Closing arguments are set to begin Wednesday in the perjury trial of a longtime top aide to former Illinois House Speaker Michael Madigan.
Jurors in the trial of Tim Mapes have listened to 18 witnesses and heard numerous recordings over two weeks. Now, lawyers in the case have one more chance to make their pitch before the jury decides whether Mapes lied to a federal grand jury and tried to block the feds’ aggressive Madigan probe.
The jury could begin deliberating by the end of the day.
Mapes, who chose not to take the witness stand, will be the seventh person this year to have his fate placed in the hands of a jury as a result of public corruption work by the feds.
Mapes is accused of lying on seven specific occasions to the grand jury on March 31, 2021, about work done for Madigan by fellow Springfield insider Michael McClain. Mapes is also charged with attempted obstruction of justice.
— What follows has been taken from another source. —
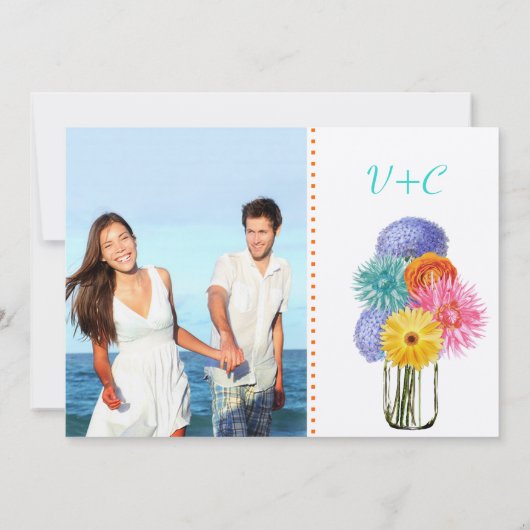 Foto Bouquet in een Mason Jar Wedding Invitation Kaart (Achterkant)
McClain was convicted along with three others earlier this year for conspiring to bribe Madigan. He also faces trial in April with Madigan in a separate case in which they are each charged with a racketeering conspiracy.
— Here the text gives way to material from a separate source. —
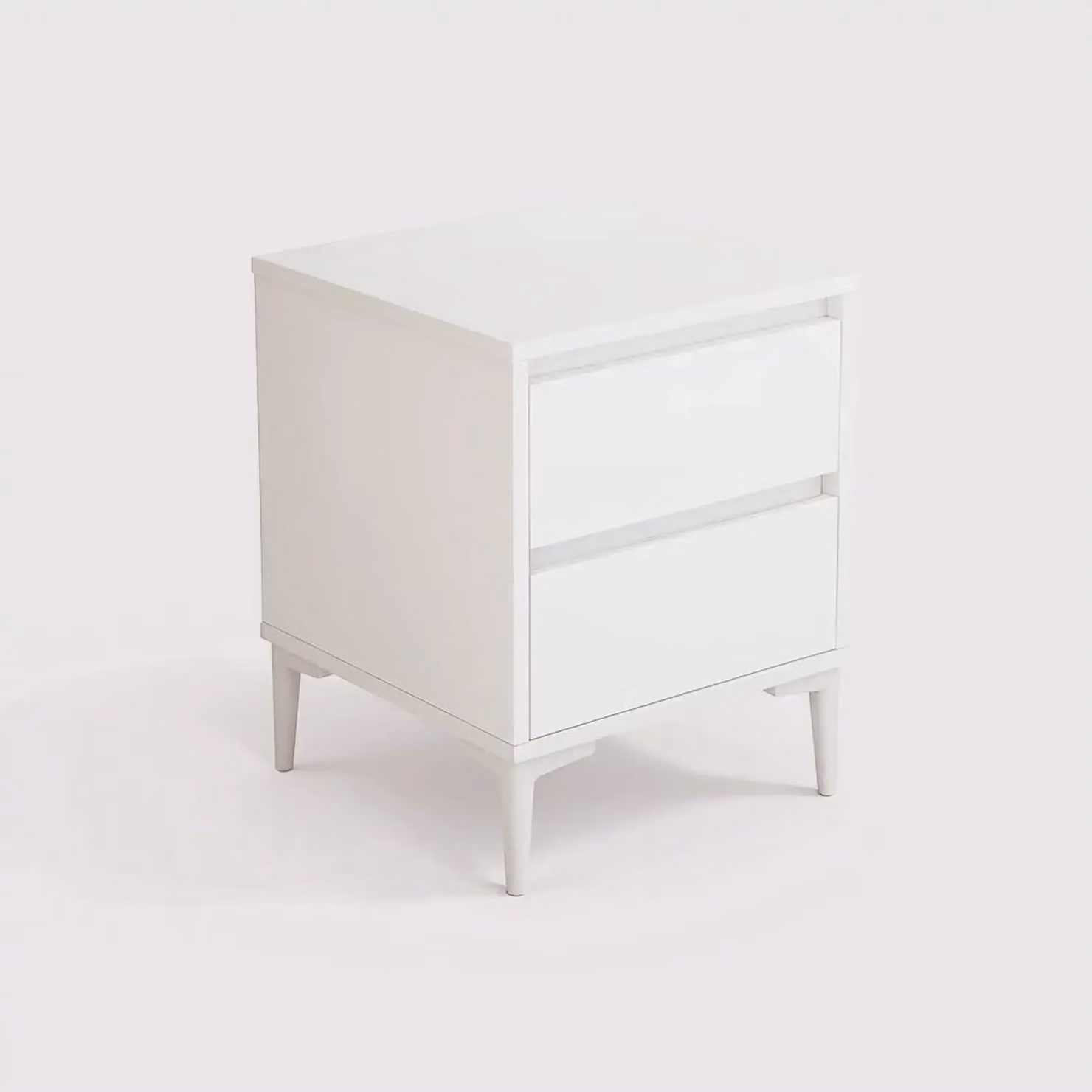 Hayl - Comodino bianco in stile moderno con 2 cassetti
Testimony in Mapes’ trial ended Tuesdayafter Mapes’ defense lawyers summoned four witnesses to the stand. They called Mapes’ wife, Bronwyn Rains; human memory expert Dawn McBride; private investigator David Hodapp; and former Democratic Party of Illinois staffer Emily Wurth.
Mapes spent two decades as Madigan’s chief of staff. But Madigan forced Mapes to resign in June 2018 over bullying and harassment claims. Rains told jurors on Tuesday that her husband then “became very sullen. Very depressed. Isolative. Appeared as if he was lost. He spent much time in our — in fact, he spent all of his time — in our furnished basement, sitting in the dark.”
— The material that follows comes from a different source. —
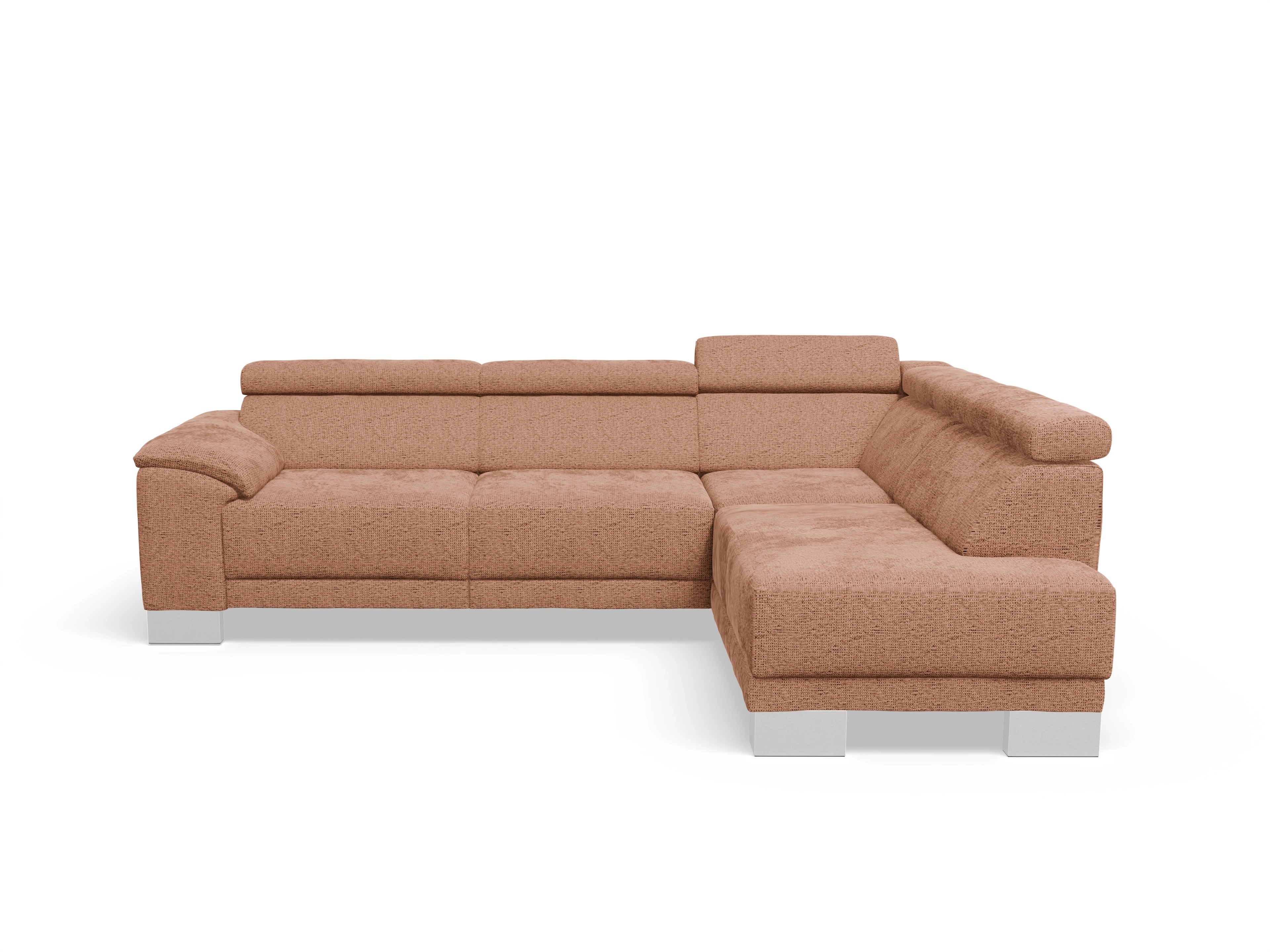 Ansicht des Produktes Antonio Ecksofa rechts Abschluss offen in Stoff Orange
She also said Mapes’ energy level went from “high” before he quit to “low-to-non-existent” afterward. She said his mood continued for months, and he wound up with a part-time job servicing trucks for UPS.
During Wurth’s testimony, defense attorneys played a recording in which McClain told her, “I can’t tell you how important you are to the speaker.” Wurth told jurors that she took it as a compliment but “I did not need McClain to validate my relationship with the speaker.”
Rather, she testified that she had direct access to Madigan, much like Mapes once did. In opening statements, Mapes defense attorney Katie Hill argued that people in such a position did not need to rely on the Springfield “folklore” that McClain carried messages and performed tasks for Madigan.
Hill’s co-counsel, Andrew Porter, asked Wurth on Tuesday whether she was “aware of whether Mr. McClain did any tasks or assignments for Mr. Madigan?”
“I don’t remember that he did tasks or assignments for the speaker,” Wurth testified.
But the testimony of Rains and Wurth seems to be contradicted by the evidence laid out earlier by prosecutors. State Rep. Robert “Bob” Rita testified that he couldn’t think of anyone closer to Madigan than McClain or Mapes. FBI Special Agent Brendan O’Leary explained that that was why investigators were so interested in hearing what Mapes would tell the grand jury.
The feds laid out evidence that Mapes kept track of the burgeoning Madigan investigation, undermining the notion that he could have been caught off guard by questions in the grand jury. Additionally, jurors saw emails sent by McClain when sexual harassment complaints against a top Madigan political aide rocked Madigan’s organization in 2018.
Mapes was among the recipients.
Finally, there were the numerous wiretapped phone calls of McClain’s that seemed to directly contradict Mapes’ testimony.